Milliyetçi Hareket Partisi (MHP) Genel Başkanı Devlet Bahçeli, Suriye’nin geleceğine dair önemli açıklamalarda bulundu. Bahçeli, “61 yıllık Baas melaneti, 54 yıllık Esad zilleti sona ermiş, Suriye yeni bir siyaset kulvarına girmiştir.” ifadelerini kullanarak, Suriye’deki mevcut yönetimin son bulmasını ve yeni bir dönemin başlamasını savundu. Bahçeli, özellikle Esad rejiminin suçlarıyla ilgili olarak, “Yerin onlarca metre derinliğinde hücrelere kapatılan, ölüm preslerinde işkenceyle katledilen masumların hesabı katil Esad’dan mutlaka sorulmalıdır.” diyerek, bu sorumluların Lahey Adalet Divanı’nda yargılanması gerektiğini dile getirdi.
Bahçeli ayrıca, Cumhuriyet Halk Partisi (CHP) özelinde Suriye politikalarının eleştirisini de sürdürdü.

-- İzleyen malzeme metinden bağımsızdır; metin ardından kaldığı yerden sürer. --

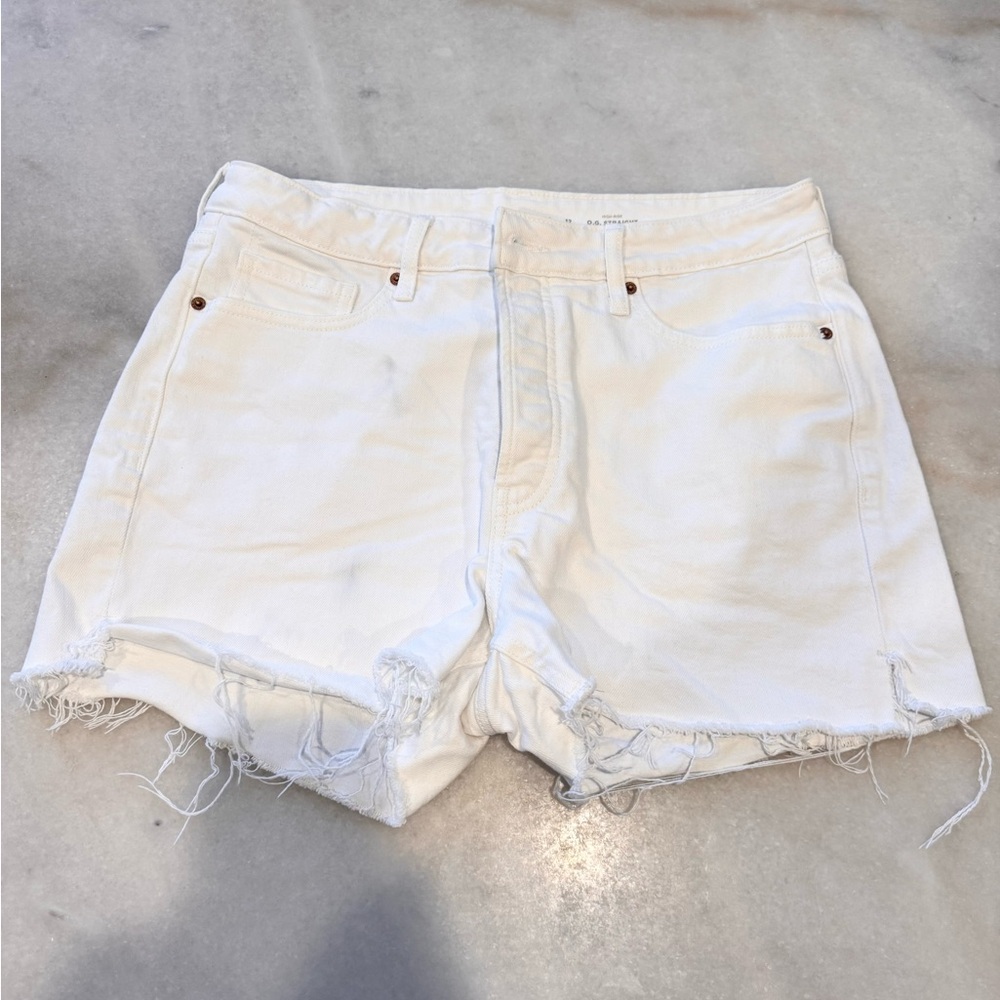 Bundle of 5 Pairs Old Navy High Rise Denim Shorts, Size 12 - Picture 3 of 7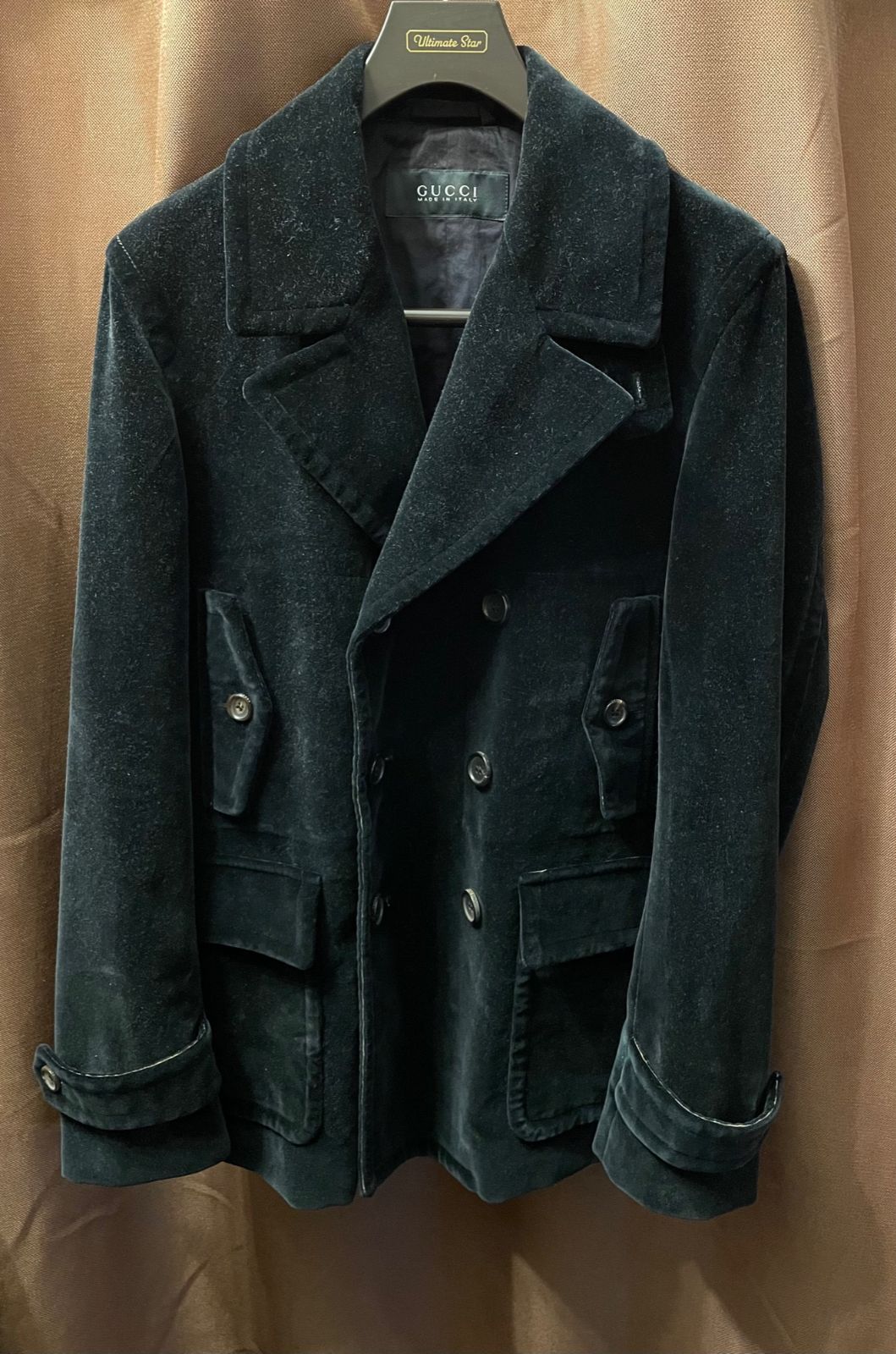【美品】GUCCI ピーコート 高級 イタリア製 48R 黒 fit=scale-down,w=1200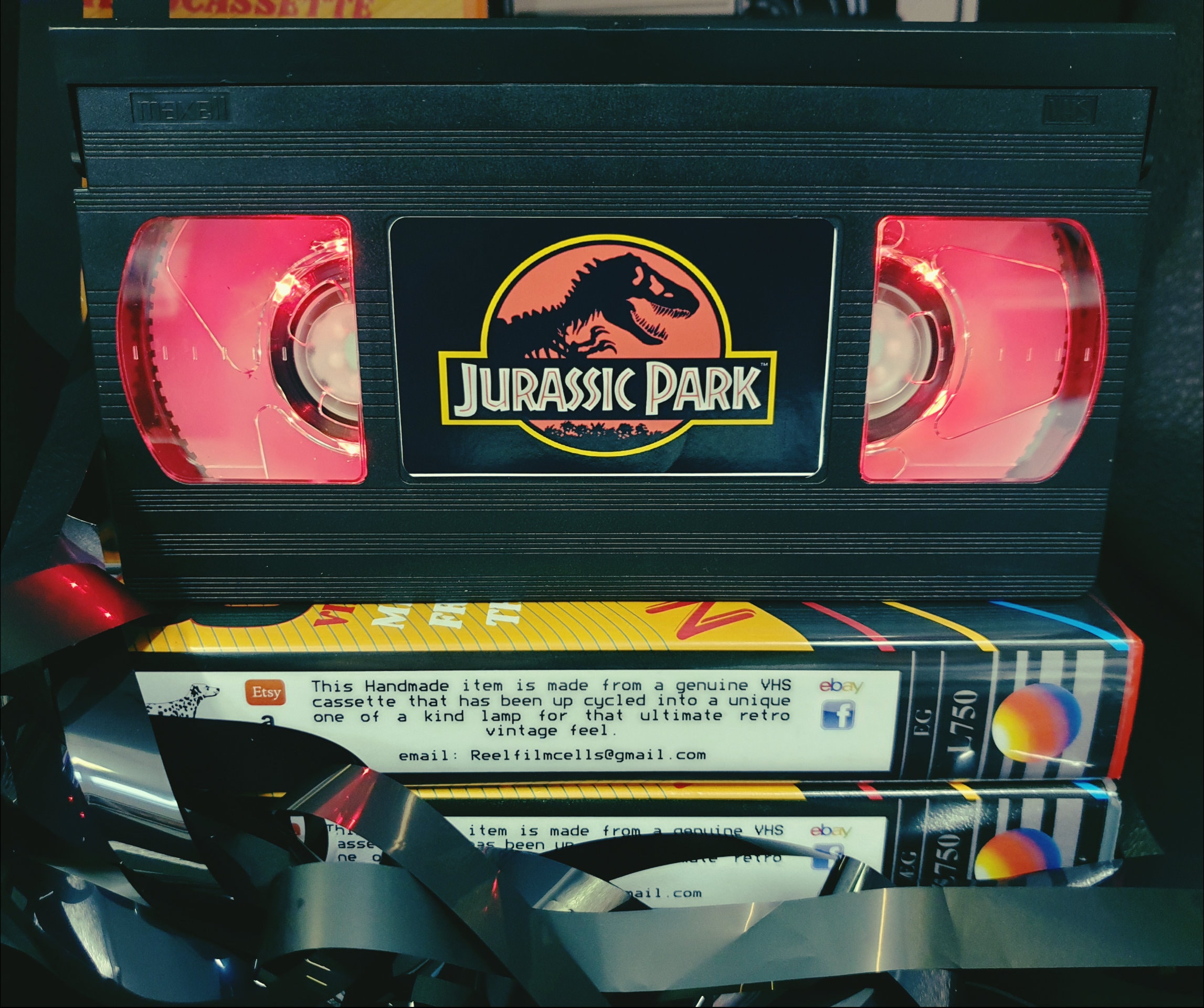 Retro VHS Lamp,Jurassic Park,Top Quality!Amazing Gift For Any Movie Fan,Man Cave Ideas! Stunning Collectible S1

CHP’nin Suriye konusundaki duruşunu ‘Baas menşeli’ olarak nitelendiren Bahçeli, “Türkiye’nin Suriye’de kaybettiğini, ABD ve İsrail’in kazandığını söylemek için bölgesel siyasetin iç yüzüne Özgür Bey gibi bakarken görmemek, konuşurken duymamak kafidir,” şeklinde bir değerlendirme yaptı. Bahçeli, CHP Genel Başkanı’nın, Cumhurbaşkanı Recep Tayyip Erdoğan’a yönelik pozitif mesajları bile hasis ve hırçın bir şekilde çarpıttığını belirterek, onu ‘mertlikten ve millilikten nasibini almayan yarım adam’ olarak tanımladı.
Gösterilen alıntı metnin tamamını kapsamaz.